My mom had a way of answering questions that didn’t really tell you anything. (Remember me writing about how when asked what's for dinner she'd say things like, "An old dead cow.") Another example of her non-answers was when I asked her where I came from and I thought I’d get the birds and the bees story I heard rumors about. The idea that the daddy bee stings the mommy bee with his—gasp!—penis was so outlandish that I counted on her to set the story straight. She did. She told me she found my brother and me under a pile of rocks. A few years later she finally did set the story straight—not with a conversation, of course, but by handing me a pamphlet from the health department.

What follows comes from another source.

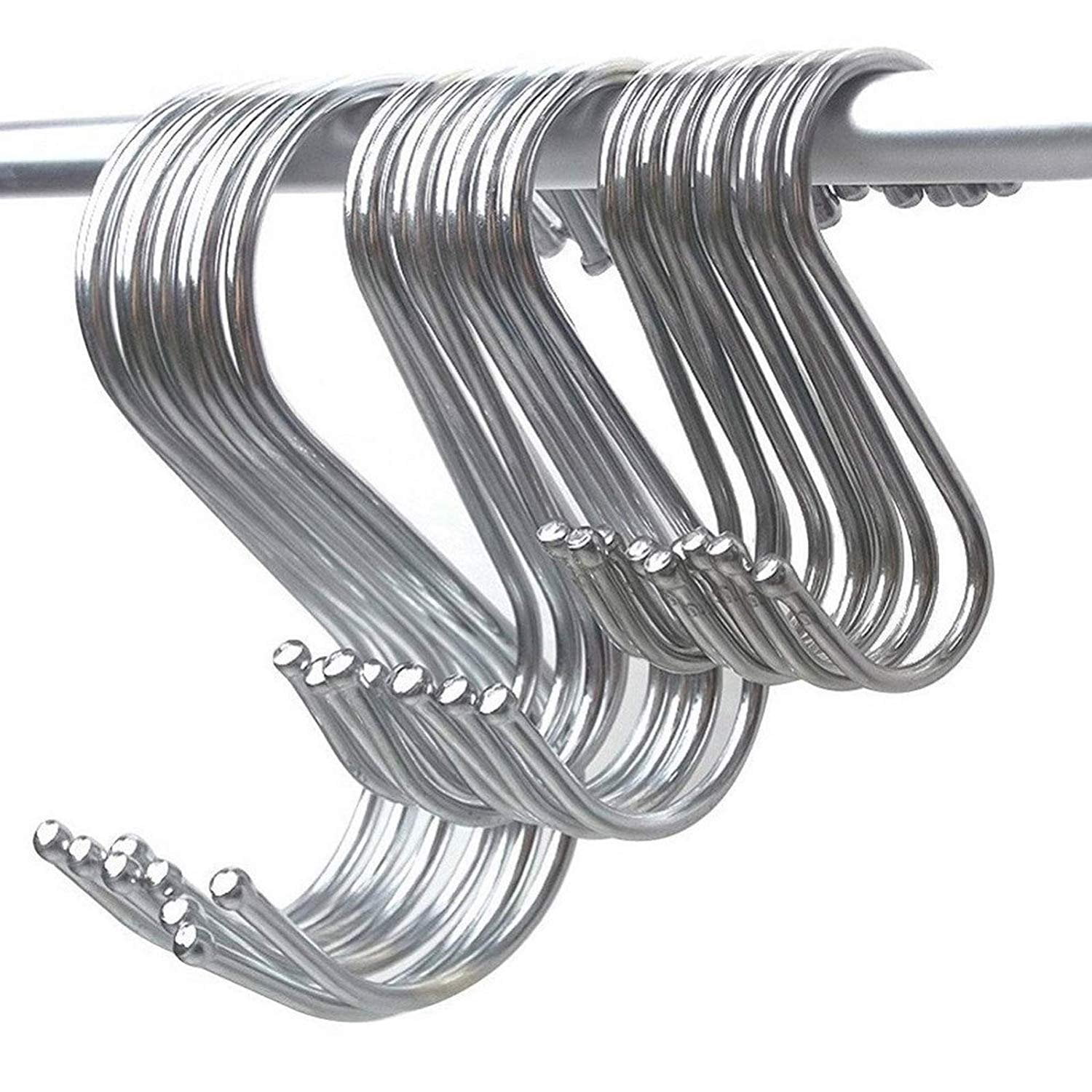 Wideskall Assorted Size Zine Plated Metal Steel S Hooks for Hanging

One of those things she didn’t want to talk about was a screw-back, silver and blue Air Force wings pin that I found in her jewelry box. I didn’t have any uncles or grandfathers who served in the Air Force. Where did it come from and why did she let me wear that pin to high school during the period when I had an imaginary boyfriend named Roger who was off serving our country? And did she know about Roger? Did she read my diaries when I was at school? Years later I thought she might have had a boyfriend before she married my dad who died in a ‘dog fight’ in the air space over Europe during WWII. In my golden years I still think she had that boyfriend, but if so, why was she willing to let me wear that keepsake? I would have snatched it out of any daughter of mine’s hands and locked it away. Maybe she trusted me more than I realized. Or maybe she didn’t think of it as a keepsake at all. Maybe she found it under a pile of rocks.

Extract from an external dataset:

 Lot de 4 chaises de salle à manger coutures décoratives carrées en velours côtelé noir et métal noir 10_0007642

After she died I went through her cedar chest and another mystery was discovered among the mostly photos and knickknacks. A pair of soft pink satin and cream-colored lace panties that buttoned down the side. 1940s boy-cut style. Why did she keep them for thirty odd years? Who does that? My parents were married in the late ‘40s so maybe it was her version of keeping a wedding dress? She was married in a drab gray suit trimmed in brown fir over a weekend spent in Chicago. I have pictures of that trip and she and my dad both looked really happy. Oh, and that drab suit? Mom cut it up to make a coat for a doll I got one Christmas and I still have them both.

What did I do with the panties? You ask. I put them in a fresh plastic bag with a note about when and where I found them and put them in a small trunk that is earmarked to go to my oldest niece. She still has the cedar chest I found the panties in and I suspect they will end up back in that chest for my great-niece to discover one day. Some families hand down grandfather clocks and quilts. I’m thinking I might be starting a tradition of handing down underwear.

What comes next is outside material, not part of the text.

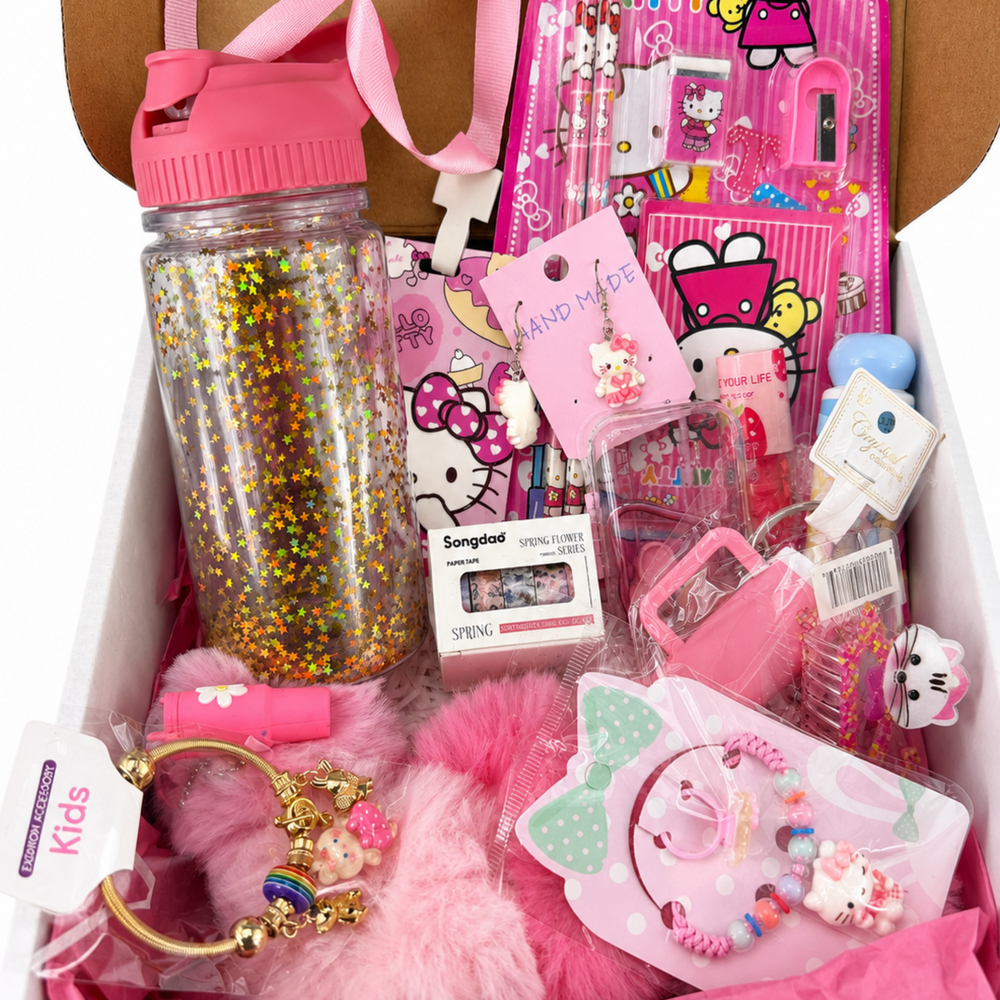 Pink school gift set with reusable tumbler, notebook, pencils, hand cream and lip gloss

In all seriousness. The questions I wish I’d asked my mom before she died are about gaining more details of her childhood and her parents. I know the basics of how her own mother died when she was nine and all seven siblings where separated and sent off to various places. It was like an informal foster care known as ‘farming children out’ that was arranged between families rather than the state. But knowing my mother, she probably wouldn’t have told me very much. Her childhood ended too soon, when she went off to live with a grandmother who ran a boarding house where she was expected to work for her keep. In her teens she was working in other people's homes as a housekeeper and by the time she met my dad she'd been a waitress for several years. 

My mom was not a reminiscing type like I am. Maybe the past held too much pain? She focused on the future, always planning and plotting for ways to hedge her bets against bad luck and foul play, so to speak. We all leave a few blank pages behind; but with the brief outline she did leave, I’m pretty sure I could flesh her story out. But I know the important part: she was a strong woman who loved her family and I wish I'd have told her more often how much I loved her. ©

Photo at the top: Mom and dad on their honeymoon.